● **Source data**
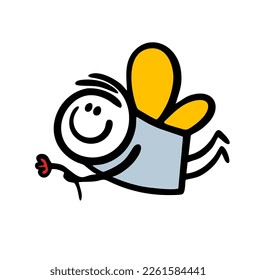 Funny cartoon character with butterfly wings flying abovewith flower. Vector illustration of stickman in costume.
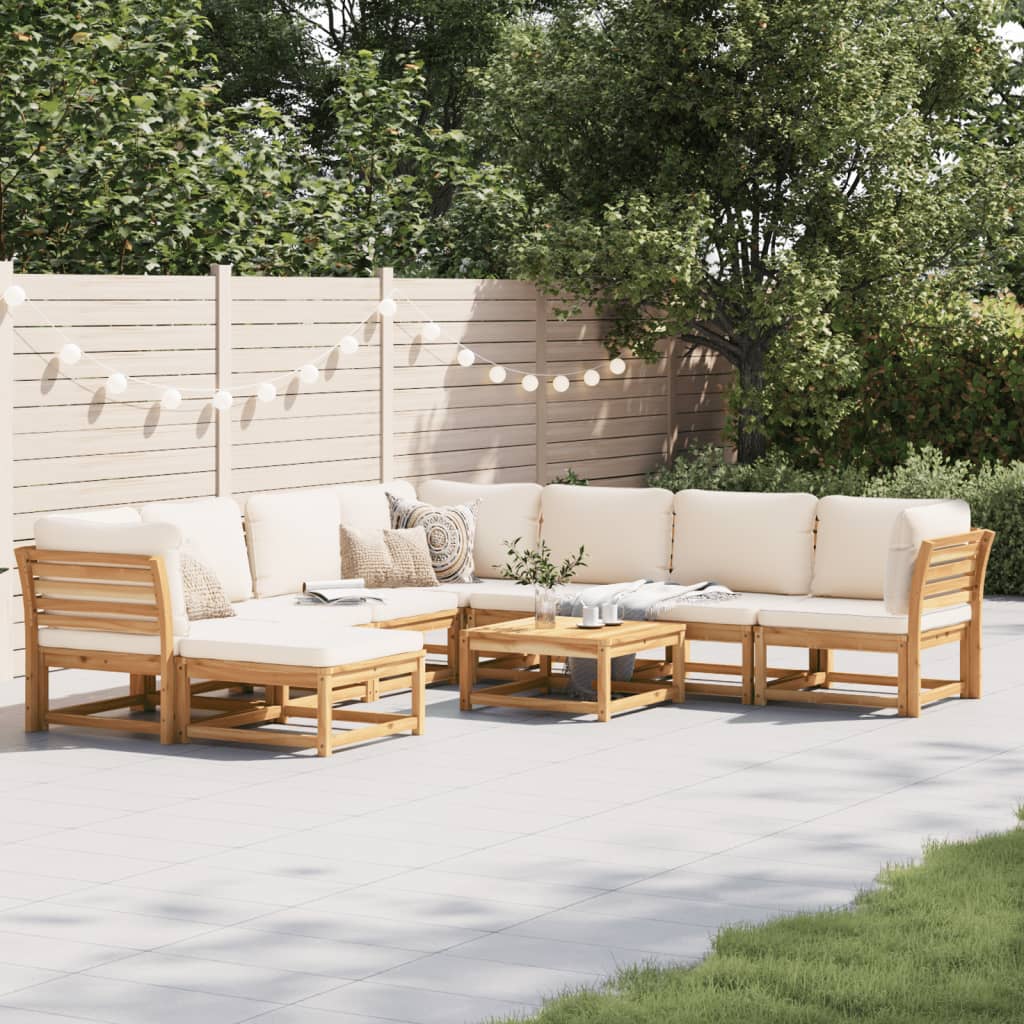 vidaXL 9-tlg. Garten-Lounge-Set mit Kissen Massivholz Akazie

...

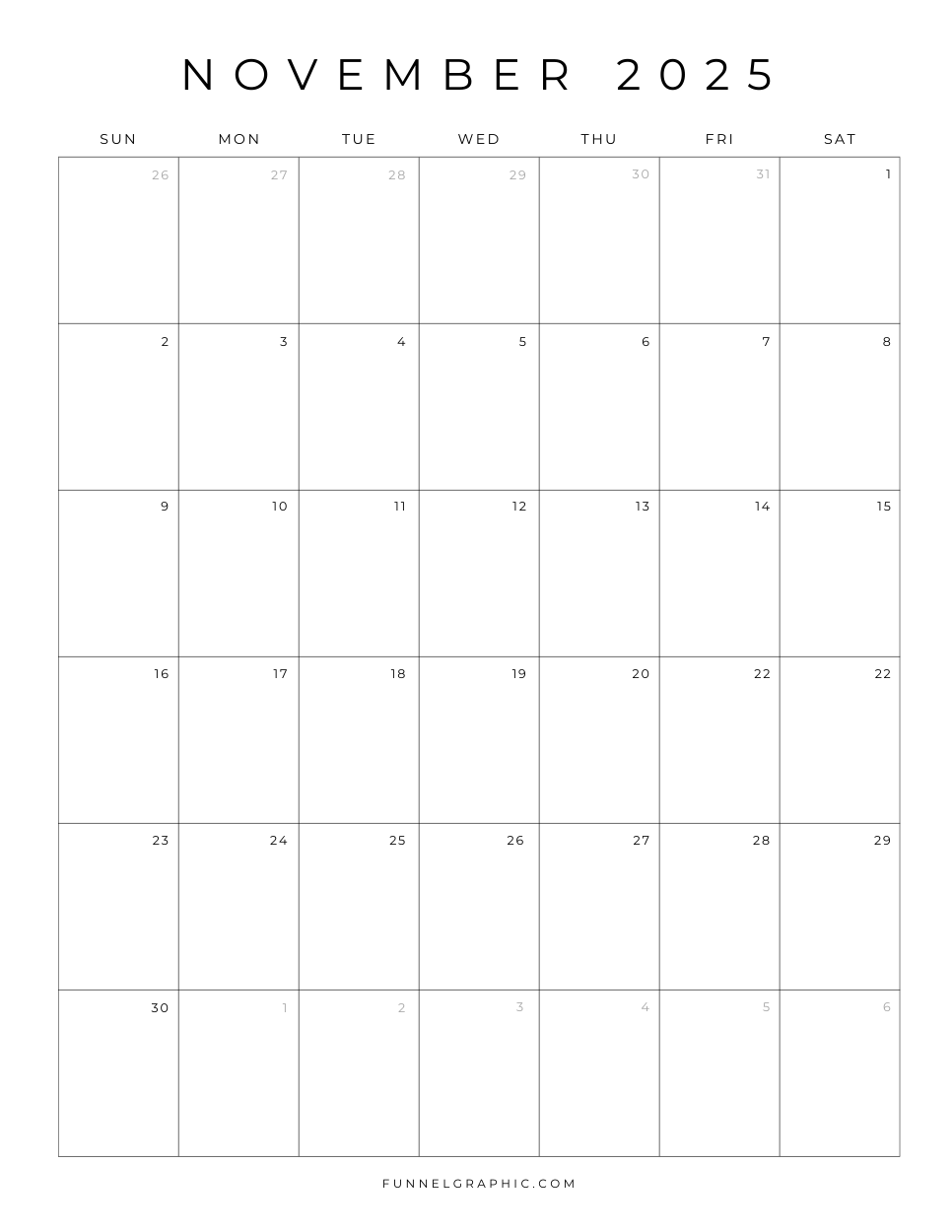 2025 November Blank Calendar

--

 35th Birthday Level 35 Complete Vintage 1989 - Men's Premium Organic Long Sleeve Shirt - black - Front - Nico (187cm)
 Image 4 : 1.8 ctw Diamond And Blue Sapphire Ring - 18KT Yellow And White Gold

● **What you have to do**
Exactly the lines starting at the one above with "Funny cartoon character" and ending at the one with "vidaXL 9-tlg. Garten-Lounge-Set" should be printed, and nothing else. Omit the pictures.

● **Task response**
 Funny cartoon character with butterfly wings flying abovewith flower. Vector illustration of stickman in costume.
 vidaXL 9-tlg. Garten-Lounge-Set mit Kissen Massivholz Akazie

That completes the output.